Look through the data below and output, unchanged, every line from the one holding "Bebek Düğmesi /" through the one holding "factory, pipes Expansive", inclusive. Skip the pictures.

(Study material Opens)

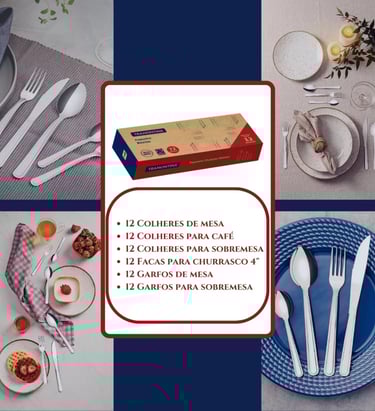 Faqueiro Tramontina Aço Inox Facas Churrasco Búzios 72 Peças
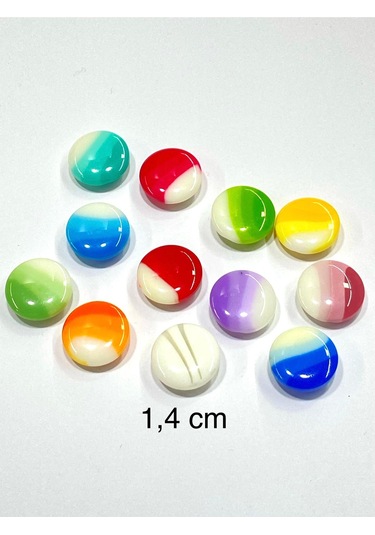 Bebek Düğmesi / Çizgili Model / 10 Adet / - Pudra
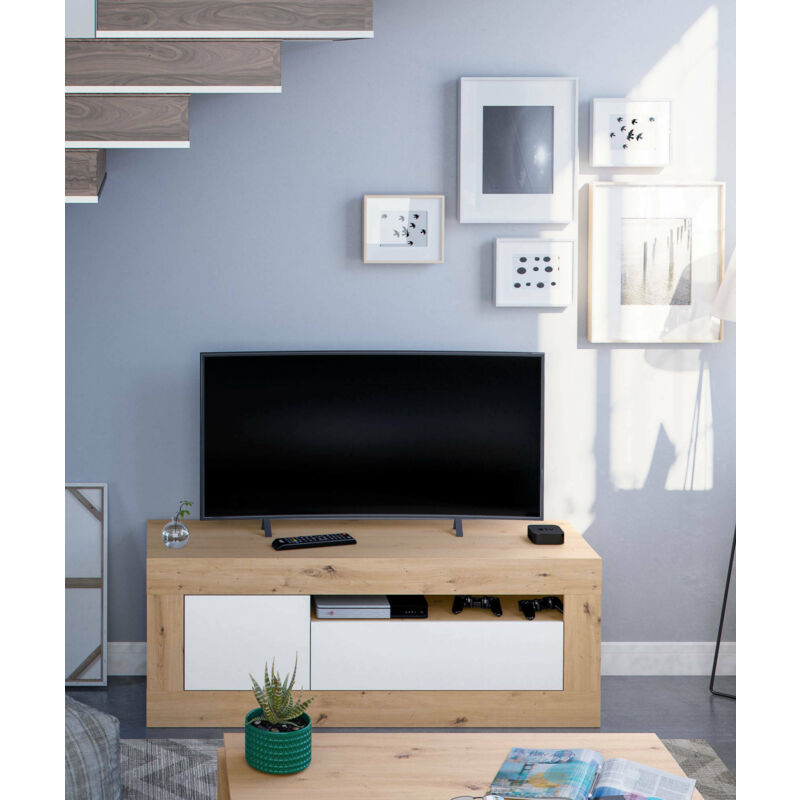 Mobile porta TV Visalia, Credenza per televisione da soggiorno, Supporto TV  a 3 ante, Credenza bassa, 150x41h46 cm, Rovere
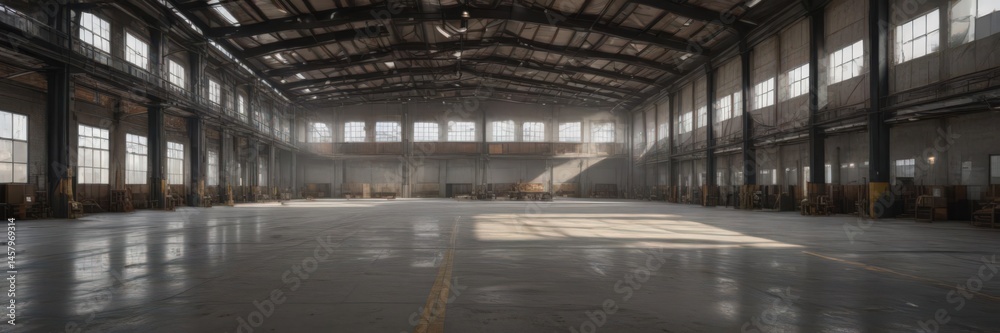 Expansive open space, high ceiling, raw industrial features , factory, pipes Expansive open space, high ceiling, raw industrial features , factory, pipes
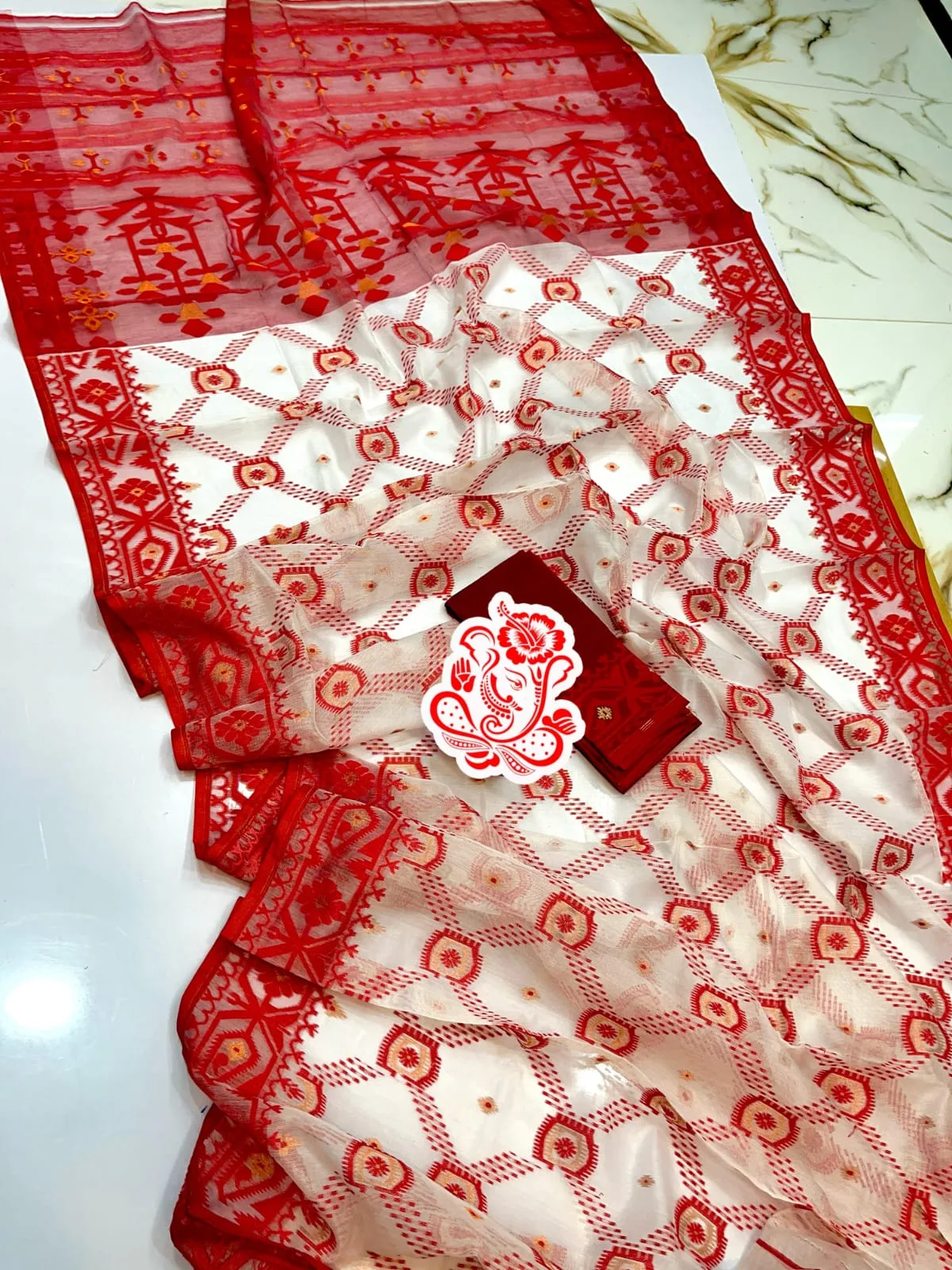 Exclusive New Bangladesh Resham Soft Dhakai Jamdani Saree with Blouse Piece - White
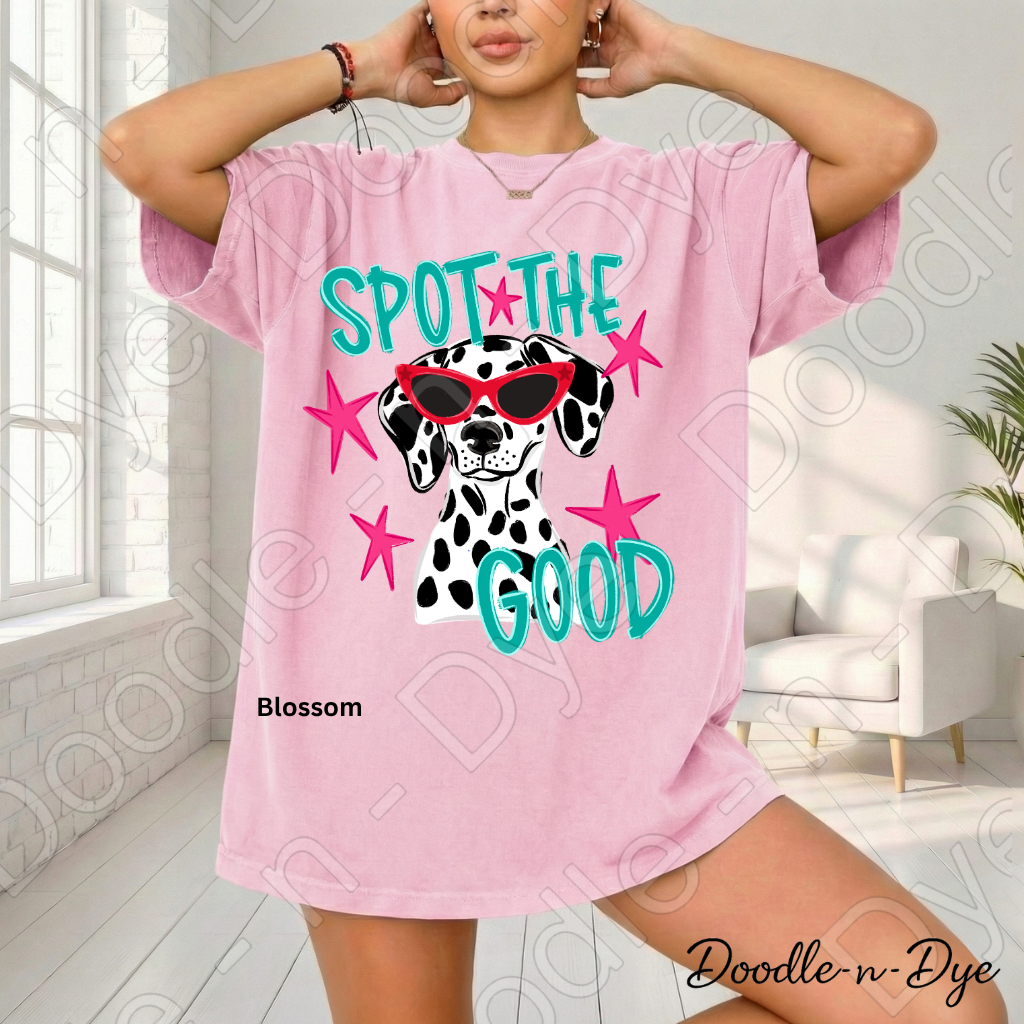 Spot the Good Inspirational Comfort Colors Tee, Positive Message Shirt, Encouraging School Outfit, Cute Dalmatian Kindness Tee, Back‑to‑School Graphic Shirt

(Study material Closes)

Output for this exercise:
 Bebek Düğmesi / Çizgili Model / 10 Adet / - Pudra
 Mobile porta TV Visalia, Credenza per televisione da soggiorno, Supporto TV  a 3 ante, Credenza bassa, 150x41h46 cm, Rovere
 Expansive open space, high ceiling, raw industrial features , factory, pipes Expansive open space, high ceiling, raw industrial features , factory, pipes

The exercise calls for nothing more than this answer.